▸ **ACTIVITY**
Copy the lines below exactly, starting at the one with "Simply unplug the" and ending at the one with "Now that the", and leave out any picture.

▸ **DATA RECORDS**
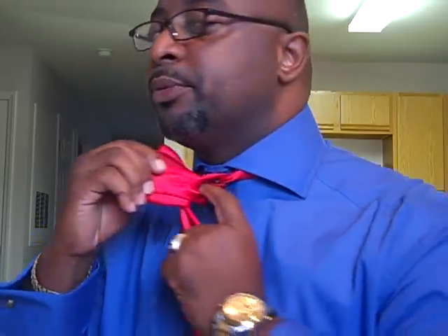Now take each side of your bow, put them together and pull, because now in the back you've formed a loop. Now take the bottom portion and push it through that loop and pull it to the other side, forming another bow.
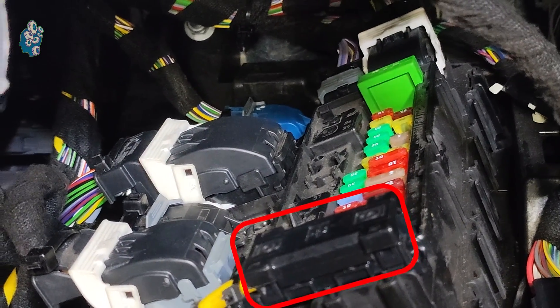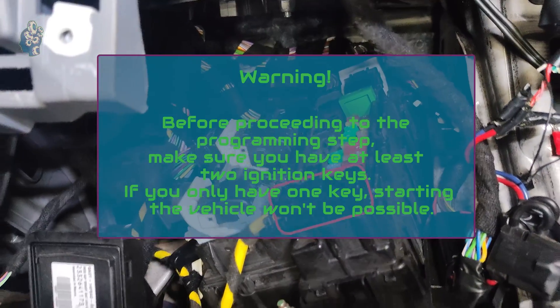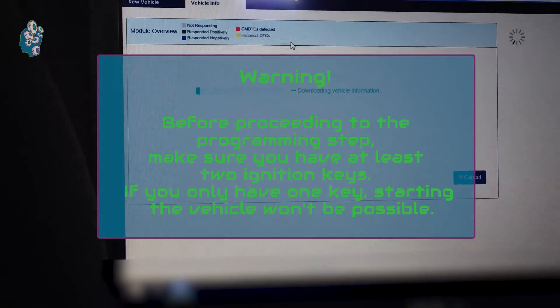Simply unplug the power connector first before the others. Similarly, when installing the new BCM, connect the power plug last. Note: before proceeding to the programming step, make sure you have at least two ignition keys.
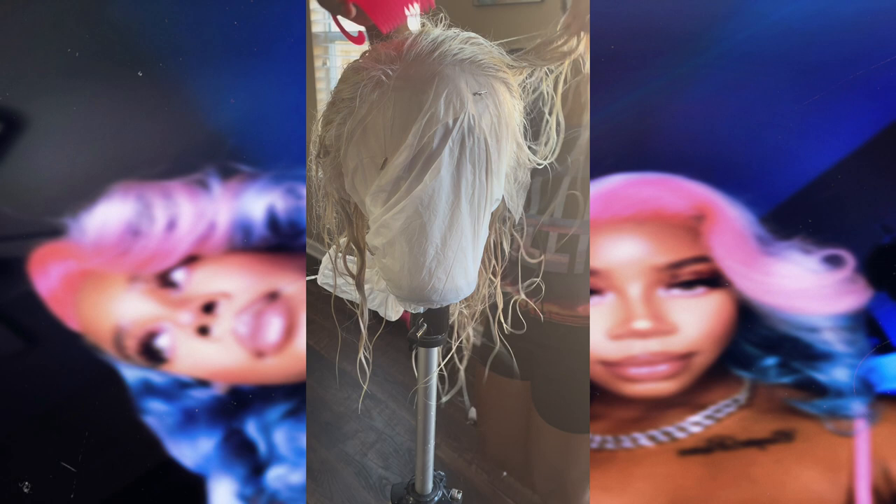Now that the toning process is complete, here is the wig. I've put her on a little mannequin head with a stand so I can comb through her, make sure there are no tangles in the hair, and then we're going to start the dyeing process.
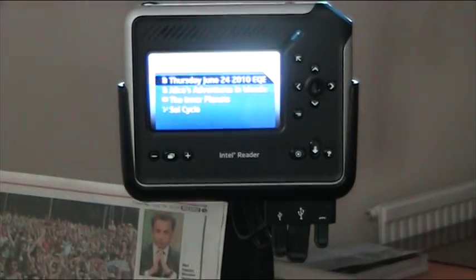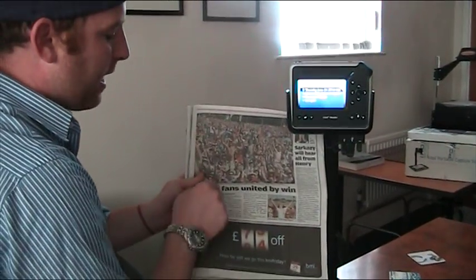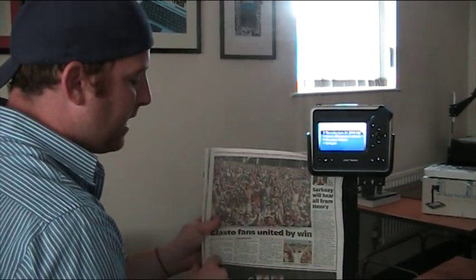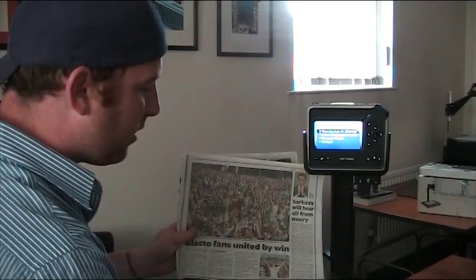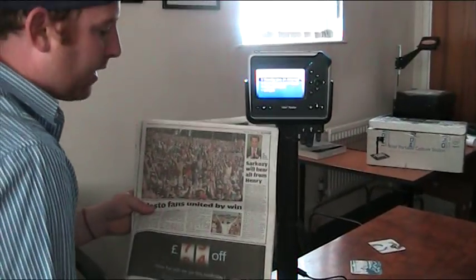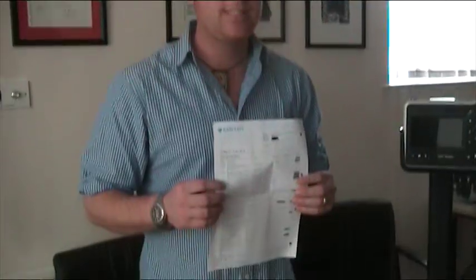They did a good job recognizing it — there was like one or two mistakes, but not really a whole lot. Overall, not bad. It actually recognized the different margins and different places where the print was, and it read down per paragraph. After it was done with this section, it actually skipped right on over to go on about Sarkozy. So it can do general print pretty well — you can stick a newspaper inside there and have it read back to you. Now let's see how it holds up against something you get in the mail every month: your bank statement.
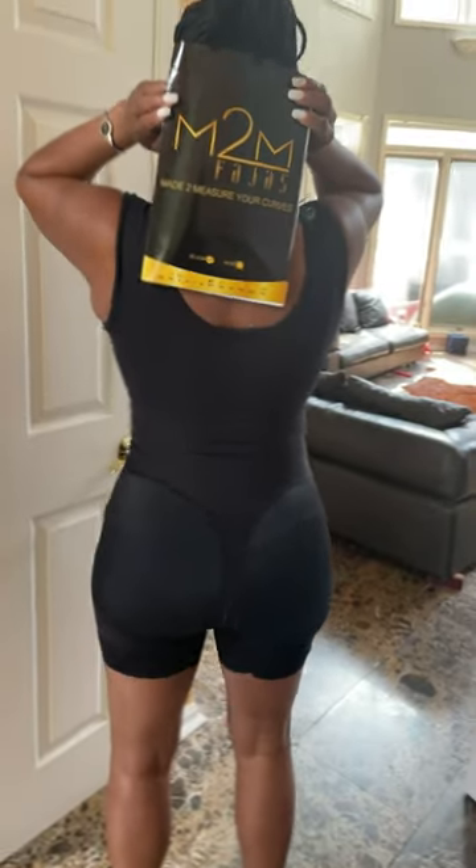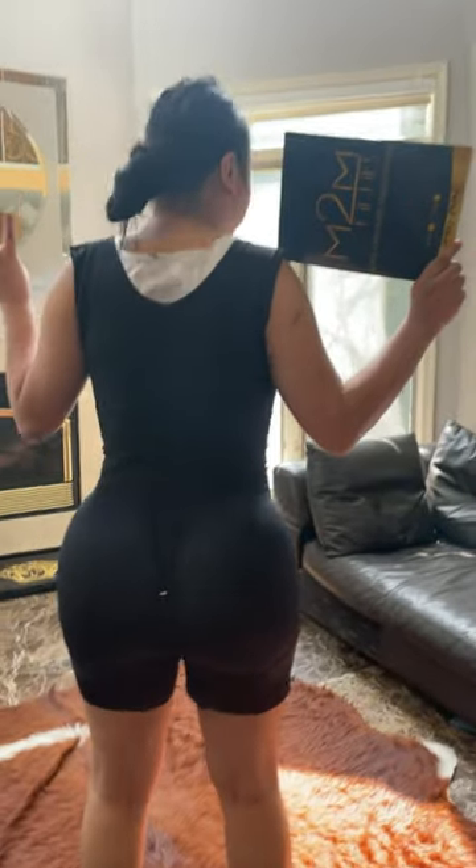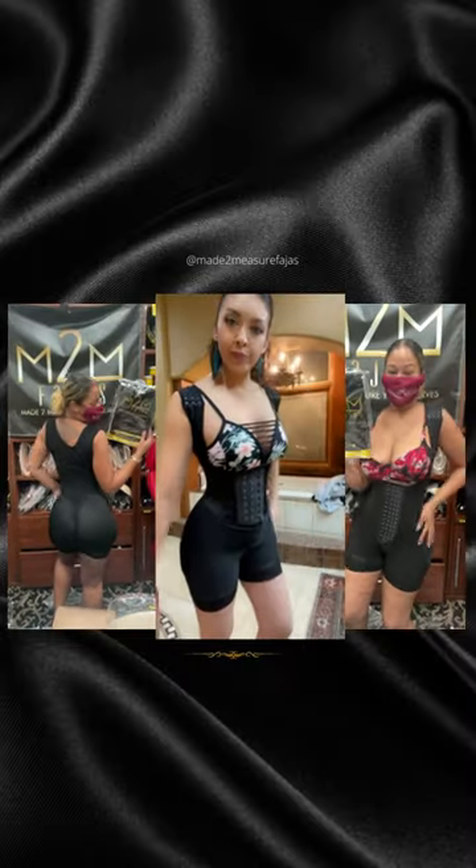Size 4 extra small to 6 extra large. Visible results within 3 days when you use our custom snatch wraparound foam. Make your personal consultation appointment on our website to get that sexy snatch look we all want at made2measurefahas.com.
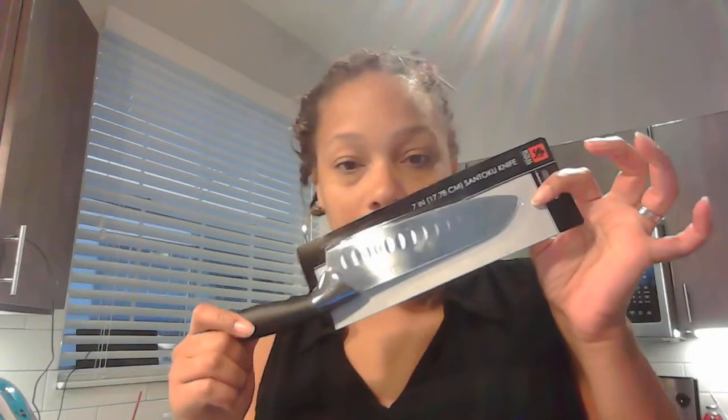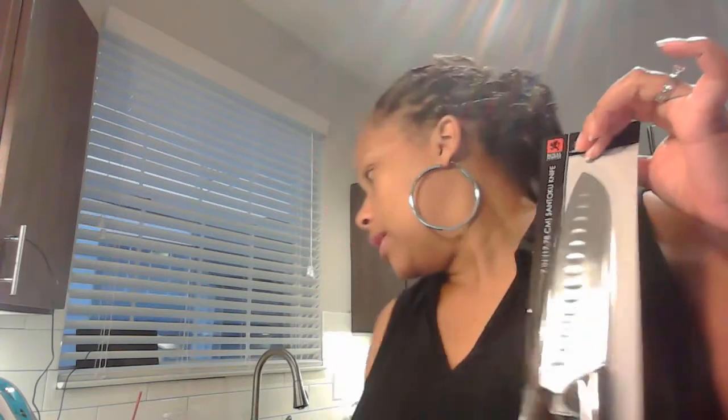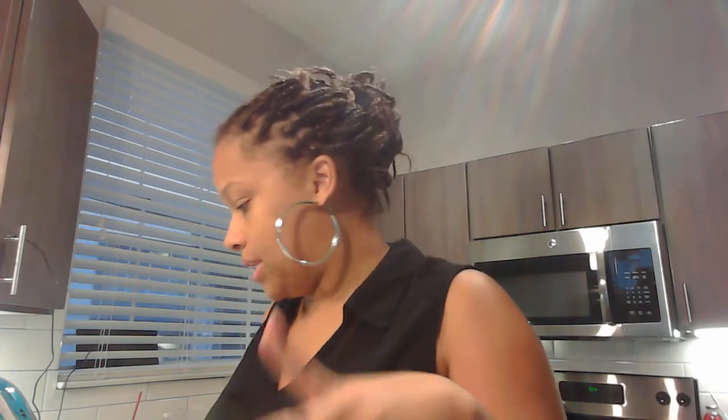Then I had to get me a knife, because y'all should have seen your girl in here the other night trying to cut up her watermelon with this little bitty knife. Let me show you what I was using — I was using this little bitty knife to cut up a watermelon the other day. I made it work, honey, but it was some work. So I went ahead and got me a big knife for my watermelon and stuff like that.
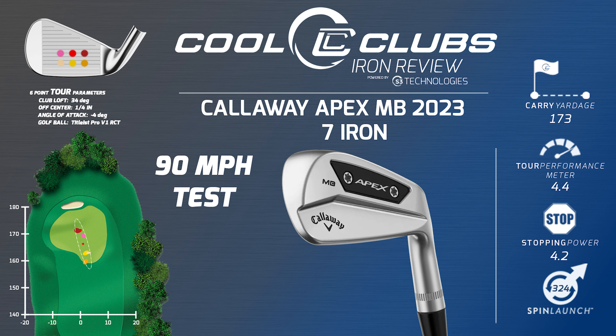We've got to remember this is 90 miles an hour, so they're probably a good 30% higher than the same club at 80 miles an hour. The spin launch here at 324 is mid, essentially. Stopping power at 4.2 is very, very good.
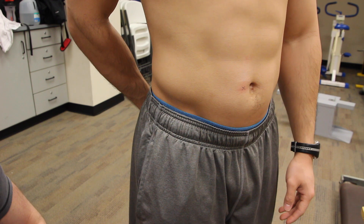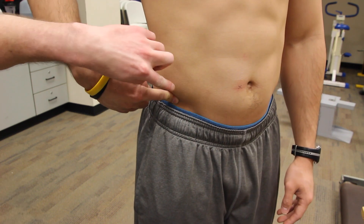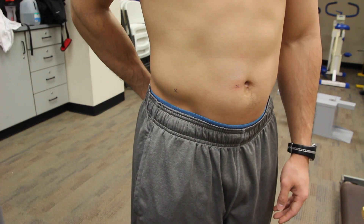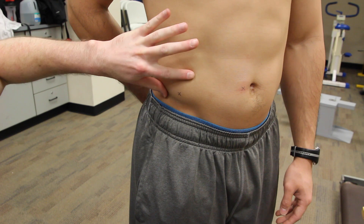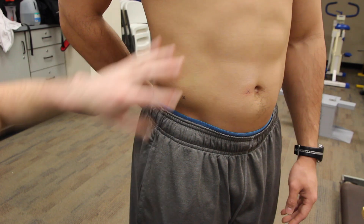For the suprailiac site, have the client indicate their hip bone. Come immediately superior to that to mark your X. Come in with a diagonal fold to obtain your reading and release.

▸ **SOLUTION TO THE PROBLEM**
Simply unplug the power connector first before the others. Similarly, when installing the new BCM, connect the power plug last. Note: before proceeding to the programming step, make sure you have at least two ignition keys.
Now that the toning process is complete, here is the wig. I've put her on a little mannequin head with a stand so I can comb through her, make sure there are no tangles in the hair, and then we're going to start the dyeing process.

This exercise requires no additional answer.